▸ **Available data**

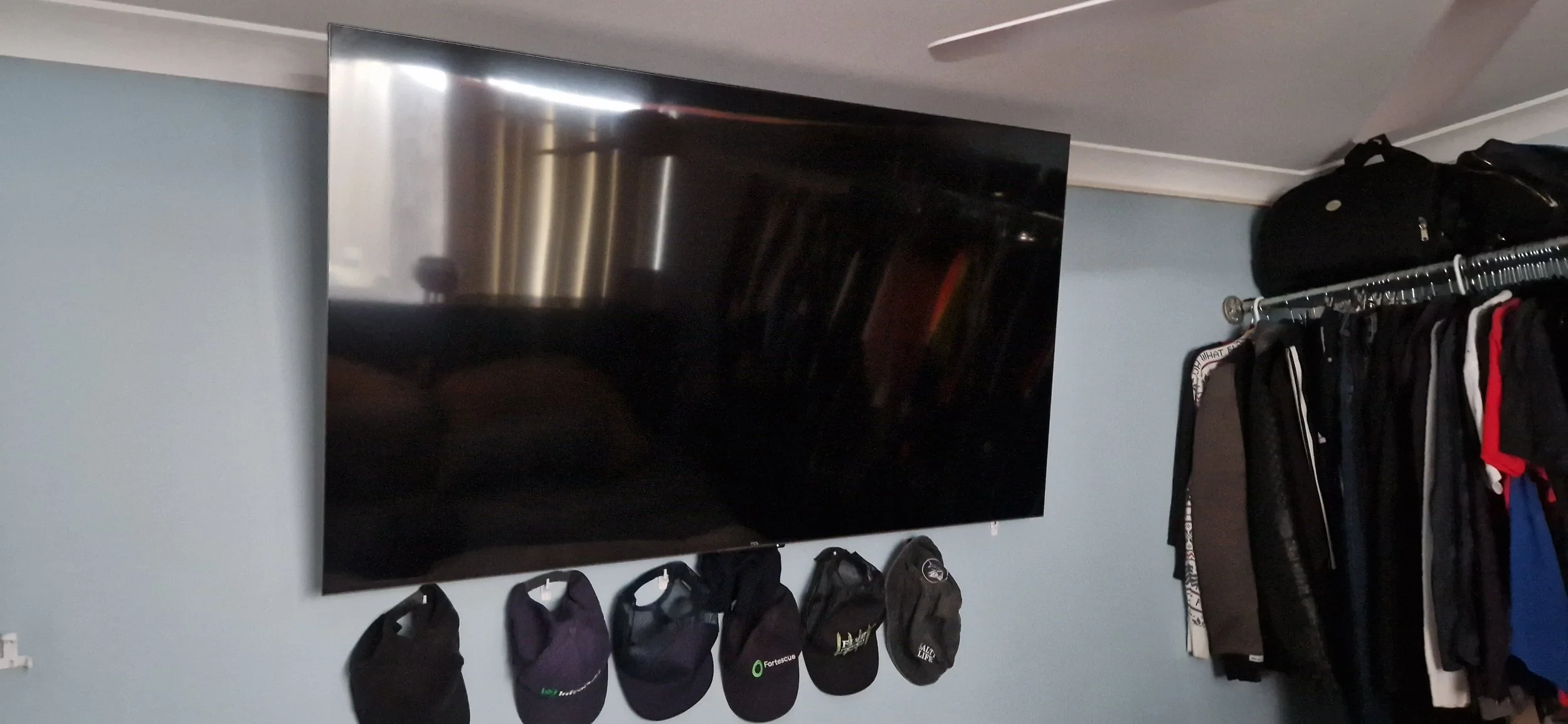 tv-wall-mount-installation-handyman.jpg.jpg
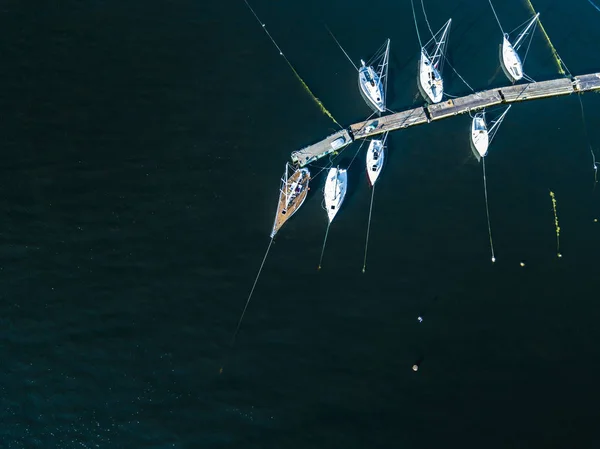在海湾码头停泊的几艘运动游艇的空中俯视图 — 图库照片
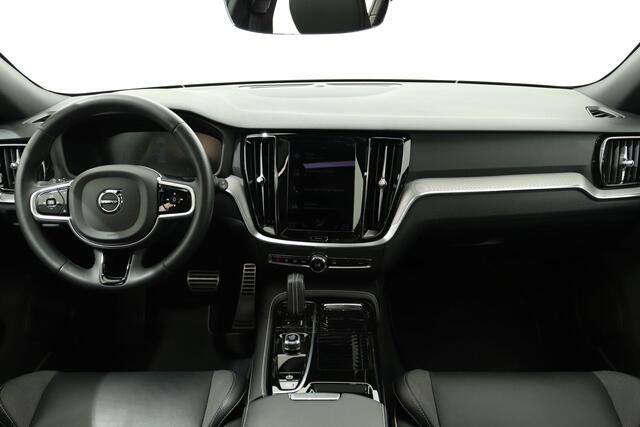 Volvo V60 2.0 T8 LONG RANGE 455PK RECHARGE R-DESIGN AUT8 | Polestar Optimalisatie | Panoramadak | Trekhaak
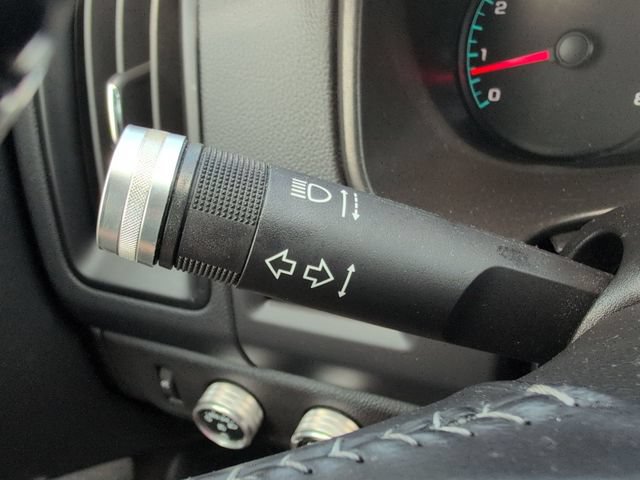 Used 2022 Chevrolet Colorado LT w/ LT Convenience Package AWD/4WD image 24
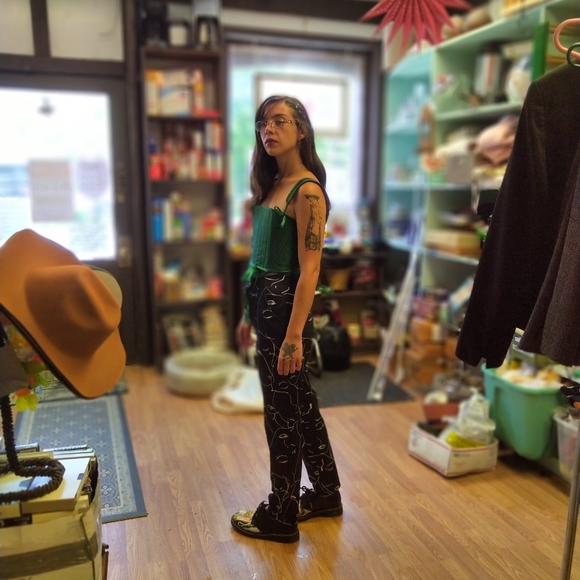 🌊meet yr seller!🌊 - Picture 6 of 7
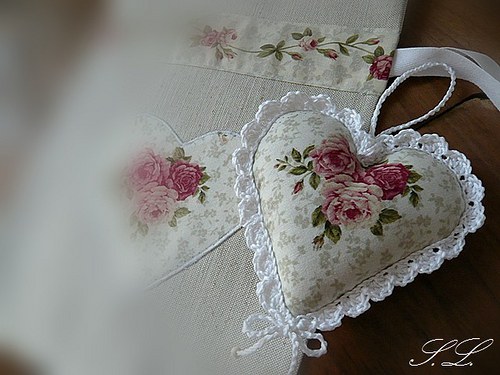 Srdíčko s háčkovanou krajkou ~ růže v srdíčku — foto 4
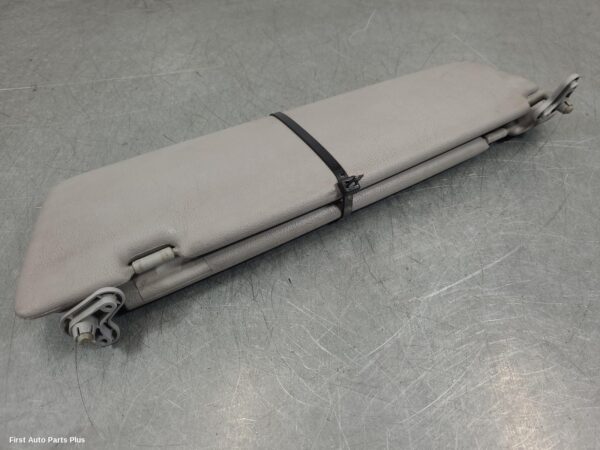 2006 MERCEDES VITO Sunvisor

▸ **Problem statement**
Would you write out all of the records exactly, omitting the pictures?

▸ **Answer space**
 tv-wall-mount-installation-handyman.jpg.jpg
在海湾码头停泊的几艘运动游艇的空中俯视图 — 图库照片
 Volvo V60 2.0 T8 LONG RANGE 455PK RECHARGE R-DESIGN AUT8 | Polestar Optimalisatie | Panoramadak | Trekhaak
 Used 2022 Chevrolet Colorado LT w/ LT Convenience Package AWD/4WD image 24
 🌊meet yr seller!🌊 - Picture 6 of 7
 Srdíčko s háčkovanou krajkou ~ růže v srdíčku — foto 4
 2006 MERCEDES VITO Sunvisor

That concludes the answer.